All Hail The Beneficent, Ubiquitous Keyboard

There’s a little sort of game going on in Facebook lately. Someone is challenged to list three things they’re thankful for for seven days, at the same time tagging a friend each day (or something like that) to do the same. I haven’t been asked to do it, and I have no plans of doing it either, as it just seems too spread out and broad to do justice to the recognition of those things we might be thankful for. Nevertheless, it does give me pause and I have been thinking about what I would say should I choose one or two specific things for which I’m thankful. There is one seemingly mundane thing that keeps popping into my head. My ability to type.

I can’t imagine how different my world would be if I had to use what an old girlfriend of mine called the “search and destroy” method of typing. Most people use the more pastoral term “hunt and peck”, but she spent several tours with the USO in Vietnam and her life was colored by her exposure to that war, the military, and her involvement in the movement to end it. If I were hampered by that inability, my social presence and my ability to communicate would be virtually non-existent.

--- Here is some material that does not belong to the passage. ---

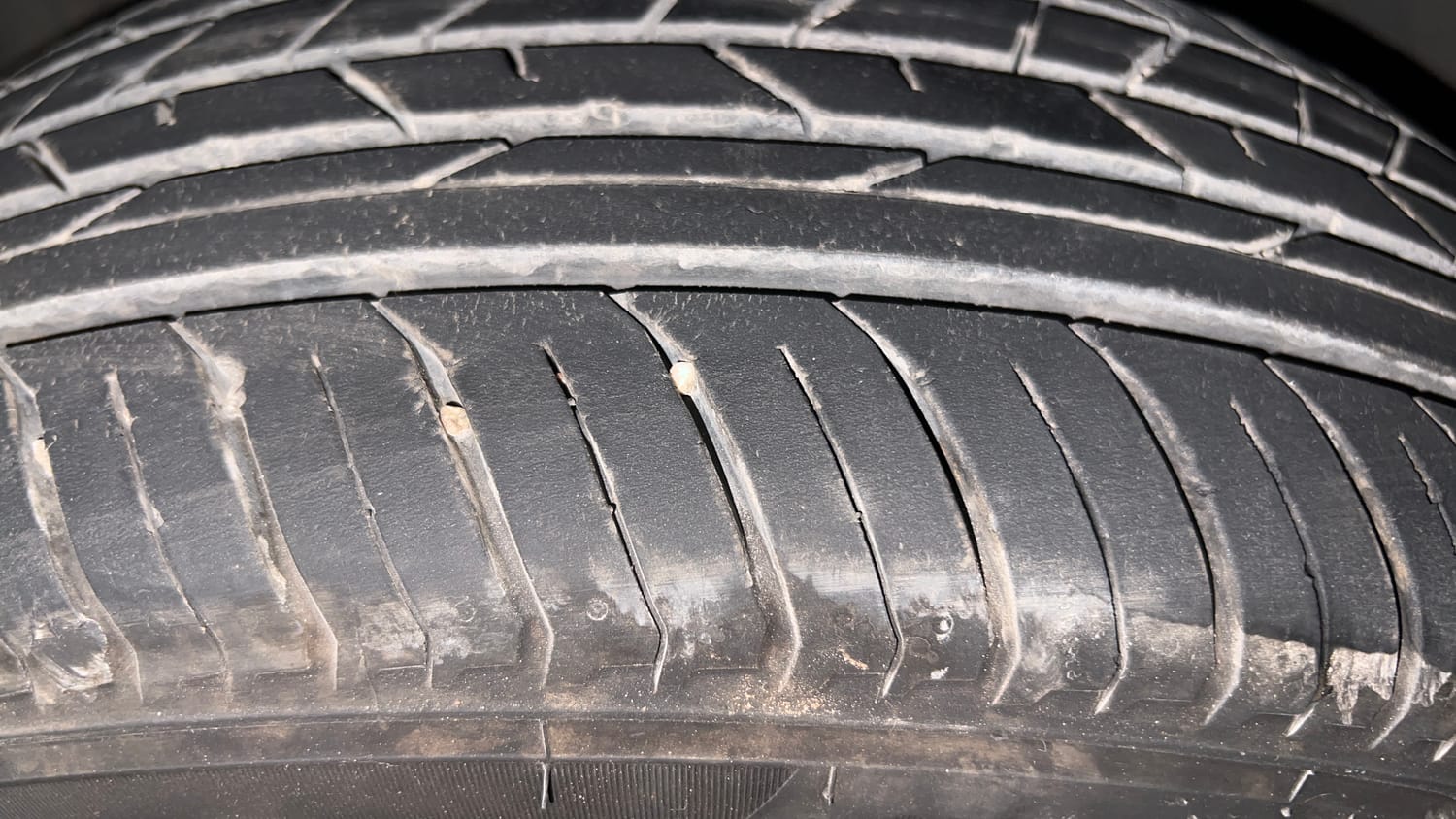 Used 2024 Nissan Magnite XL AMT Petrol Automatic tyres LEFT FRONT TYRE TREAD VIEW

I was fortunate. In Junior High School I took a typing class; instead of what I haven’t the faintest, but I recall it seeming to be the most useful option at the time. As a result, I learned to touch type. Later on, when I was in Law School, I secured a position as a legal secretary for a sole practitioner who did a lot of contract and property damage work for several of the largest car rental agencies in the country. We were very busy and my workload was challenging enough that my speed increased. I’ve never been as prolific as the best, but I was up to a little over 80 wpm, with few if any errors. That’s not quite as fast as the average person can speak, but it’s a respectable clip.

IBM Memory Typewriter

The IBM Memory Typewriter

The job turned out to be a major turning point in my life, as I was introduced to the early stages of office computing and word processing. We ended up getting an IBM Memory Typewriter, the one built on the correcting Selectric, but with a dial providing memory for 50 separate pages. We moved up shortly to an Artec Display 2000, which used two 8″ floppies and had a scrolling display of approximately 30 characters. I don’t remember if it was LED or LCD, but the characters were red. We used it for pleadings, and wills and trusts.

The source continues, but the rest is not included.